Pride 2018: Mucho más que fiesta y banderas de colores

Fotos: José Pablo Anleu

Texto: Mynor Véliz

Desde hace unos años, el colectivo LGTBIQ+ en Guatemala se ha hecho muchísimo más visible. Muestra de ello es la Marcha de la Diversidad Sexual e Identidad de Género de este 2018. Miles de guatemaltecos se reunieron en Plaza la República, para caminar juntos hacia el Palacio Nacional de la Cultura y pedir igualdad de derechos, el cese de la discriminación y que el gobierno elimine de su agenda algunas leyes que lejos de ayudar al colectivo, buscan hacerlo ver como algo dañino para la “familia tradicional”.  

Como todos los años, desde que existe esta marca, no faltaron los fotógrafos de algunos medios de comunicación con una visión sesgada, que solo buscaron la foto “escandalosa” que generará una ola de clicks y comentarios de conservadores y de gente que reclama no solo de la existencia de la comunidad LGBTIQ+, sino de por qué protestar de esta forma. Esto último, me ha llamado mucho la atención, ya que es algo que muchas personas de la comunidad dicen. “Mucha loca”, “¿Por qué no se viste normal?”, “Deberían de vestirse como lo que son”, “No me representan”, “Yo no soy así”, “solo van niños bien” y comentarios similares se escuchan y se ven en redes sociales.  

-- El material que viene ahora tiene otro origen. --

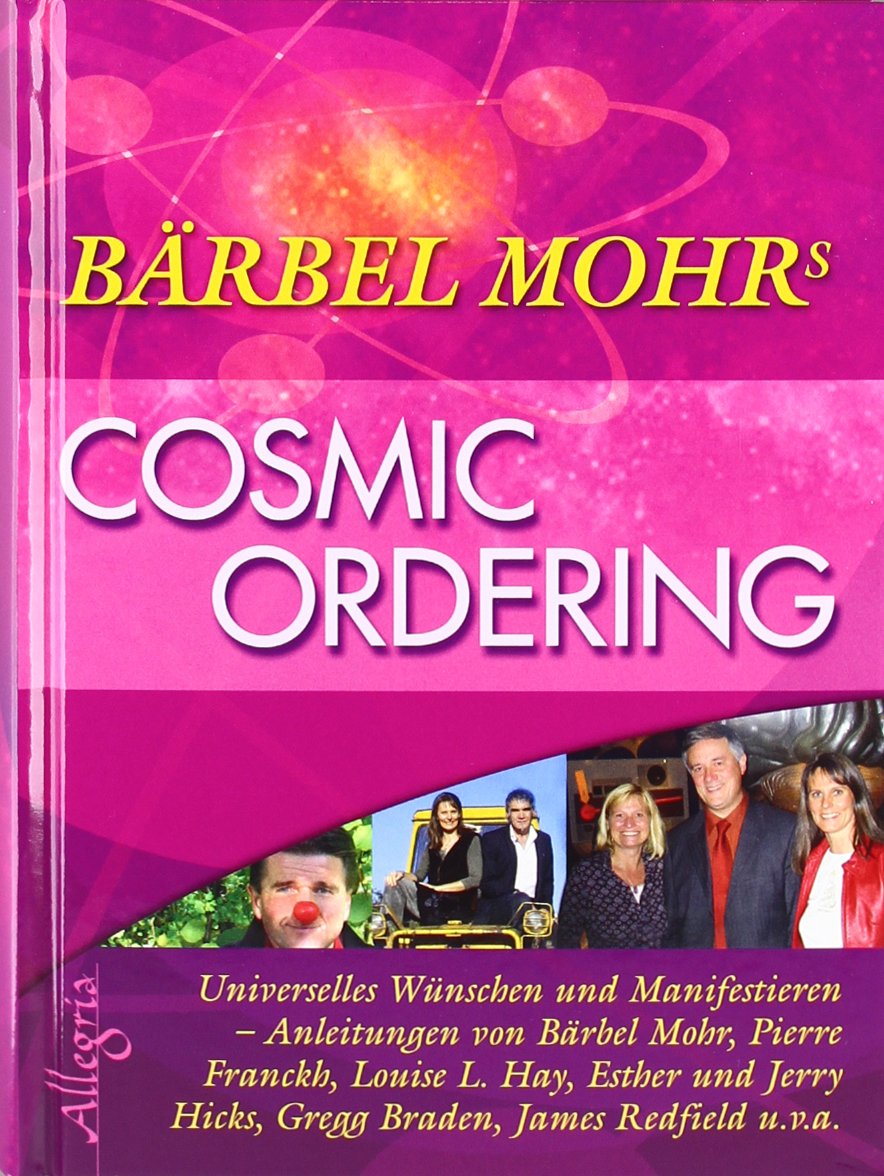 Cosmic Ordering: Universelles Wünschen und Manifestieren Natural Sciences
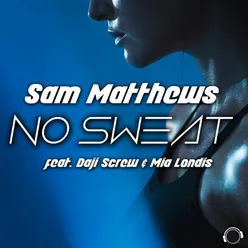 No Sweat (Daji Screw Extended Mix)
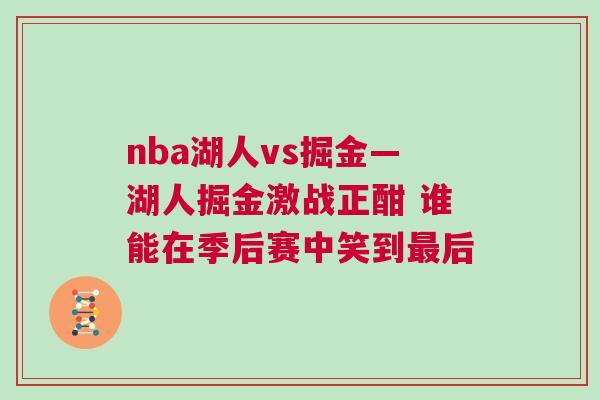 nba湖人vs掘金—湖人掘金激戰正酣 誰能在季后賽中笑到最后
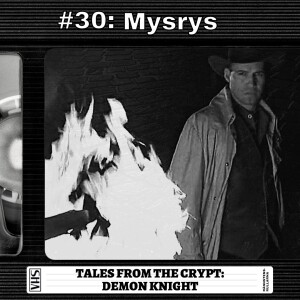 #30: Mysrys - Tales from the Crypt: Demon Knight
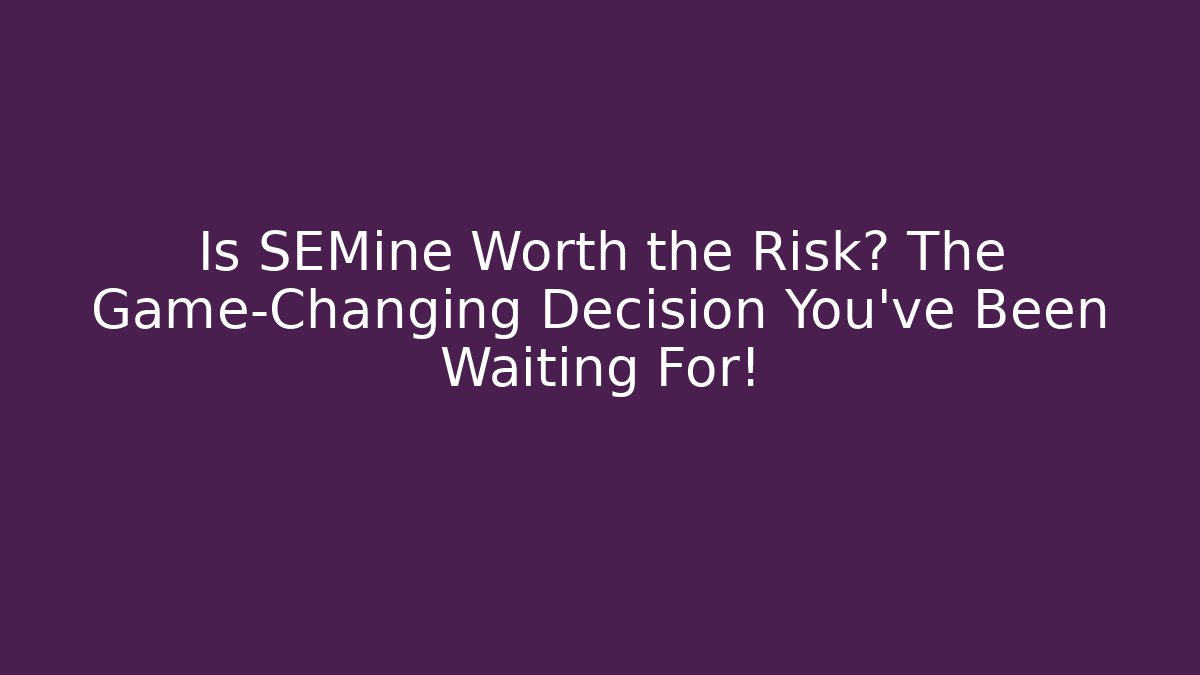 Is SEMine Worth the Risk? The Game-Changing Decision You’ve Been Waiting For!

Hablando con una amiga sobre el tema de las protestas feministas -que es otro tema que no ha dejado de verse en las redes las últimas semanas-, llegué a una conclusión bastante importante: Ninguna de las libertades que tenemos en estos tiempos llegó a causa de sutilezas. Las mujeres no consiguieron votar, trabajar o tener propiedades por estar sentadas en casa o esperando sentadas. Al contrario, se armaron de valor e hicieron revueltas, desafiaron los estándares y se hicieron visibles. Esto justamente fue lo que ocurrió en la primera marcha LGTBIQ+ en los disturbios de Stonewall en 1969, en los que ocurrieron manifestaciones violentas en contra de las redadas policiales que ocurrían en contra de personas de la comunidad. En ese entonces, había desde multas hasta cadenas perpetuas por el simple hecho de mantener una relación con alguien del mismo sexo.   

Luego de estas protestas, que no fueron precisamente pacíficas, se marcó un hito en la comunidad LGTBIQ+. Las leyes en Estados Unidos empezaron a cambiar y ahora, incluso hay derecho al matrimonio. En nuestro país, estamos en pañales en cuanto a ese tipo de avances Acá, aún puedes ser golpeado, despedido o incluso morir solo por declarar que tienes una orientación sexual distinta. Los pocos espacios que se han abierto, han sido justamente por estas manifestaciones públicas. Así que si eres de estos que se quejan del modo de protestar, piensa que si ahora puedes tener una pareja y vivir en un entorno no tan hostil como el de hace algunas décadas, recuerda que eso no llegó solo. Llegó, porque alguien se atrevió a alzar la voz y a mostrarse tal cual es en un evento como el de la marcha que ocurrió en Guatemala la semana pasada.